I am sure that when you read the title of this post, you filled in the blank with:
- or beer
Sure, there are individuals who might indeed warrant such descriptors, but might we be better served by filling in the blank with “faithfulness, conviction and grace?”
As you some of you know, this week I am attending the General Assembly of the Presbyterian Church (USA) in Pittsburgh. There will be many topics towards which we will direct our energy and time, but the debate concerning the definition of marriage will be right there at the top of the list. It is no secret that I am supportive of marriage equality as a civil right. I am also supportive of my particular part of the Christian world, the Presbyterian Church (USA) also recognizing same-gender marriage as an faithful symbol and expression of the love between two people.
What I have noticed about the debate between the most passionate of both sides is the preponderance of two distinct arguments and assumptions about the other. Liberals say about conservatives, “They are driven by fear and a lack of awareness.” Conservatives say about liberals, “They have strayed from the Word of God and are capitulating to culture.”
Liberals must understand that there many conservatives who have not arrived at their position about homosexuality and marriage out of fear, but out of a deep conviction about and understanding of God’s truth. Likewise, conservatives must understand that there are many liberals who have not arrived at their position about homosexuality and marriage out of a need to satisfy cultural trends, but out of a deep conviction about and understanding of God’s truth.
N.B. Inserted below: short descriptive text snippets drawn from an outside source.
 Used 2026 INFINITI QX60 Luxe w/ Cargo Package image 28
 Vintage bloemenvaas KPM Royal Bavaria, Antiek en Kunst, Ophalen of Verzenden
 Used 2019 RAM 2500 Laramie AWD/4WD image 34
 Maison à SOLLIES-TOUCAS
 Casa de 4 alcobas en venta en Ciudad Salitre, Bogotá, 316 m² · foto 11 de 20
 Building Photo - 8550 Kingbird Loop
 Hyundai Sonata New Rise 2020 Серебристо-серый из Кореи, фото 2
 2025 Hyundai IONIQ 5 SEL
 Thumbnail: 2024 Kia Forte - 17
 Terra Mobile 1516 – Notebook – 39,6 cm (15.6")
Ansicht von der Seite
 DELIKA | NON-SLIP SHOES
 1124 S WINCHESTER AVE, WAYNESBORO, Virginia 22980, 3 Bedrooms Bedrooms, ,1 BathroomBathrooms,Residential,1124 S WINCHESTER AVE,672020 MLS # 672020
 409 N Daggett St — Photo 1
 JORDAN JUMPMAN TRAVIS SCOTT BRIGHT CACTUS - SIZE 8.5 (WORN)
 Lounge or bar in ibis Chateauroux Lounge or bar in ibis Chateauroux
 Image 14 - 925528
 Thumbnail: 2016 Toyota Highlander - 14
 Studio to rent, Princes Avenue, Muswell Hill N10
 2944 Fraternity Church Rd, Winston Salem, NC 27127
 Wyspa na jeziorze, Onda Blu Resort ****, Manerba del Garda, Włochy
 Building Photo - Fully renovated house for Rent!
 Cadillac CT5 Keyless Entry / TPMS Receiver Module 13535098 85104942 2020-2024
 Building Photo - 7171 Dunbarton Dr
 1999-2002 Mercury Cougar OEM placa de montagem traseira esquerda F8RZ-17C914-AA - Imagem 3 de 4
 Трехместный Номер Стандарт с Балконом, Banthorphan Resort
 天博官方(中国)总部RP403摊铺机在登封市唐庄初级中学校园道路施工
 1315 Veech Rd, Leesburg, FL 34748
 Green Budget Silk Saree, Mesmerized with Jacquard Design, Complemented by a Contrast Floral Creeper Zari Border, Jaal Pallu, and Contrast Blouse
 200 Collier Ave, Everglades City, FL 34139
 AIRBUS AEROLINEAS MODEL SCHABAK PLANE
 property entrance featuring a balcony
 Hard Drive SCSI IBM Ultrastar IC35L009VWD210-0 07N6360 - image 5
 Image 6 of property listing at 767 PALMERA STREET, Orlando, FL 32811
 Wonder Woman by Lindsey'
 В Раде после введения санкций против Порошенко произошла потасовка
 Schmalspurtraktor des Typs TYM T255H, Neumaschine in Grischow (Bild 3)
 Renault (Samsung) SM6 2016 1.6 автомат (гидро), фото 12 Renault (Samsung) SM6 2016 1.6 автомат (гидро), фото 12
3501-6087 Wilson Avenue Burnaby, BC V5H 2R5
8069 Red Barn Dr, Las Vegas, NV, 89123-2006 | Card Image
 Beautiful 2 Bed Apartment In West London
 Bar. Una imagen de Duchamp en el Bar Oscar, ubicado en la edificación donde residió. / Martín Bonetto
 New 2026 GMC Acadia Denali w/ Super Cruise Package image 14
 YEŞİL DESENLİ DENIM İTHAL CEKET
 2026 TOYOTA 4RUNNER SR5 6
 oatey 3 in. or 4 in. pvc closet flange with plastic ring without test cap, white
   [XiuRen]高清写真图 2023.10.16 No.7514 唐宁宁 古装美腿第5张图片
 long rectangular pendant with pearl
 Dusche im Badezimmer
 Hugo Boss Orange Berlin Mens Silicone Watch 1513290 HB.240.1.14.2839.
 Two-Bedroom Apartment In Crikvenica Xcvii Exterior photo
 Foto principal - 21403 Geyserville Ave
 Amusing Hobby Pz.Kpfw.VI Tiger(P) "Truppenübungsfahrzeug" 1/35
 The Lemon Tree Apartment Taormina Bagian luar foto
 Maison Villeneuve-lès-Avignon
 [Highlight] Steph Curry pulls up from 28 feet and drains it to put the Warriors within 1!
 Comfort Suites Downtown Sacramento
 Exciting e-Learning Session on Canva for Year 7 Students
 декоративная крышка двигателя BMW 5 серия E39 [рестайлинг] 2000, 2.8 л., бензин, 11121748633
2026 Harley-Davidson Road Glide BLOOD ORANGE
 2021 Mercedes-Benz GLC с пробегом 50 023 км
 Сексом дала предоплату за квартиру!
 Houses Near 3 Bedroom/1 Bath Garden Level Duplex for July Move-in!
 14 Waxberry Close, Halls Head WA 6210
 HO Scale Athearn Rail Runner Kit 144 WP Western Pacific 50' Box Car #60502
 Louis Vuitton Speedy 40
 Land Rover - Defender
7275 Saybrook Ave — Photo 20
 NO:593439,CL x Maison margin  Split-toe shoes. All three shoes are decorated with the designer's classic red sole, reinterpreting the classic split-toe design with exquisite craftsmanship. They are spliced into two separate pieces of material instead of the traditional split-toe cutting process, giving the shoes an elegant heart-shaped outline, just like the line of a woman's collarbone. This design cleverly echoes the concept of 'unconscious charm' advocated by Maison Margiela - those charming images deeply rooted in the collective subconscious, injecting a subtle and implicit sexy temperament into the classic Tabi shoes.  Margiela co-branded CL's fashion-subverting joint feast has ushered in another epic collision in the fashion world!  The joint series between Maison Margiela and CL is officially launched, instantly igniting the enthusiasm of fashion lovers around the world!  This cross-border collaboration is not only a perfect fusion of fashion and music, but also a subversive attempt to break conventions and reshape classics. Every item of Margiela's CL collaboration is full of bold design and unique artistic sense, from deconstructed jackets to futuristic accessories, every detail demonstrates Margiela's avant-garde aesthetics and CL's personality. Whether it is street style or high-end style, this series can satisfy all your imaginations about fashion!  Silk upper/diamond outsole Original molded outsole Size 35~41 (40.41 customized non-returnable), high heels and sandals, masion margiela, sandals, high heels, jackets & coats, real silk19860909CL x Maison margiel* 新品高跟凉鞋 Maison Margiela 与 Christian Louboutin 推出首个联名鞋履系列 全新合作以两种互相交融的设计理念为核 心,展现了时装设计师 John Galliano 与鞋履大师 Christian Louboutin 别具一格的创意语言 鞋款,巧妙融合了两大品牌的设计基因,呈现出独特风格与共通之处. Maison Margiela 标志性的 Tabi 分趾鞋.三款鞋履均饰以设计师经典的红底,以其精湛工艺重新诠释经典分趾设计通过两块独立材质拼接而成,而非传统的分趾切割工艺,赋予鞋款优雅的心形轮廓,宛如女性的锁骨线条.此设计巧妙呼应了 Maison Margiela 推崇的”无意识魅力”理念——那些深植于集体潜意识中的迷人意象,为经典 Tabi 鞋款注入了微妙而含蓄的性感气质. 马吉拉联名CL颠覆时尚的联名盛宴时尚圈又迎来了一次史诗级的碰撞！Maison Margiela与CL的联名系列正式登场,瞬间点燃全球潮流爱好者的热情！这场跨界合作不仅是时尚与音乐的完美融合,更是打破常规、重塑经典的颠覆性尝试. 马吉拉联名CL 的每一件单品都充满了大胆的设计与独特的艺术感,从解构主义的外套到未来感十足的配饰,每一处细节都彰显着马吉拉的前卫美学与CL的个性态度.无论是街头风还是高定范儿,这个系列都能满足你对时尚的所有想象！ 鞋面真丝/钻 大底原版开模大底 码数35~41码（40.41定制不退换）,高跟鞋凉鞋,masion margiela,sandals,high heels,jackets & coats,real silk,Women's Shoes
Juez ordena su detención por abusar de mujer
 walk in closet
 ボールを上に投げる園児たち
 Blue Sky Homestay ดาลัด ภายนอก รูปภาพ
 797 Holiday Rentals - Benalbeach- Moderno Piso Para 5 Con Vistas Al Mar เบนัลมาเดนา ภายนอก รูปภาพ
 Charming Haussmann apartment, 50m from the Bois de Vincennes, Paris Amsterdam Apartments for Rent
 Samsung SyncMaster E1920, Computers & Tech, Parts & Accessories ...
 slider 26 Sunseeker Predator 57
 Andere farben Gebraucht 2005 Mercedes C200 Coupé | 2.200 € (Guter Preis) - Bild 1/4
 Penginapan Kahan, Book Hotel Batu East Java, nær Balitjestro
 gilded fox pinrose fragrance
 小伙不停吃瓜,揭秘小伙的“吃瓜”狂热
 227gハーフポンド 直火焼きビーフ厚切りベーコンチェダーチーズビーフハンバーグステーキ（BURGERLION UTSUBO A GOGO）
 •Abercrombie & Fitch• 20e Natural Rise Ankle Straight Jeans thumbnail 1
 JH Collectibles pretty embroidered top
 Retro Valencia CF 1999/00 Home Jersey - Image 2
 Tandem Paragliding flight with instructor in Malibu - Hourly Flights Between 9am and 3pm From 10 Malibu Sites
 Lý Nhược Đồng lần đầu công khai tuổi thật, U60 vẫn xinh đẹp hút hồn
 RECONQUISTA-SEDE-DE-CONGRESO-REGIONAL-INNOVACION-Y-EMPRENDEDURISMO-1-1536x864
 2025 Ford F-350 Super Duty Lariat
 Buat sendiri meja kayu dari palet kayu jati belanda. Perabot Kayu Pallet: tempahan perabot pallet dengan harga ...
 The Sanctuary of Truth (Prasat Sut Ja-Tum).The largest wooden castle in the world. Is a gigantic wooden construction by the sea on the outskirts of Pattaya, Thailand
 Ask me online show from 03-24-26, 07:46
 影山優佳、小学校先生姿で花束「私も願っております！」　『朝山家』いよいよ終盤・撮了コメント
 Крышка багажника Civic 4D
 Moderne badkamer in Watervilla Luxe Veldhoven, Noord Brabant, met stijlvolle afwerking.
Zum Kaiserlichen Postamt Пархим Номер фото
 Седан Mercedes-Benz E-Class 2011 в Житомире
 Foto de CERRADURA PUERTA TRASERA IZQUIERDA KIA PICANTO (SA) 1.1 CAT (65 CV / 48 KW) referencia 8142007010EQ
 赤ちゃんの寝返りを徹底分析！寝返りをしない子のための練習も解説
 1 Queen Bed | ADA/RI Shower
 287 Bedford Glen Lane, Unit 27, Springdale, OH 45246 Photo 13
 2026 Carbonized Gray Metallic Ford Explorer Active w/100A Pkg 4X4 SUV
Lobbing accusations about the motivations of others is fruitless and is only good for adding to our own cache with those with whom we already agree. Because these accusations can not be defended or disproved, we must give the benefit of the doubt to the other that each has been and is being faithful to God, guided by Scripture and open to the movement of the Holy Spirit and not driven by fear, ignorance and cultural relevancy.
As one who has lived in disagreement with my church family for decades, I do believe we can find ways to live together in disagreement. Should all involved truly yearn for that place to be found, it cannot be built on reckless, destructive and vindictive assumptions of the other. We will only find that place of healthy tension that disagreement brings if it is built on the common ground of faithfulness, conviction and grace.
That’s my hope and I’m sticking to it. Peace be with you.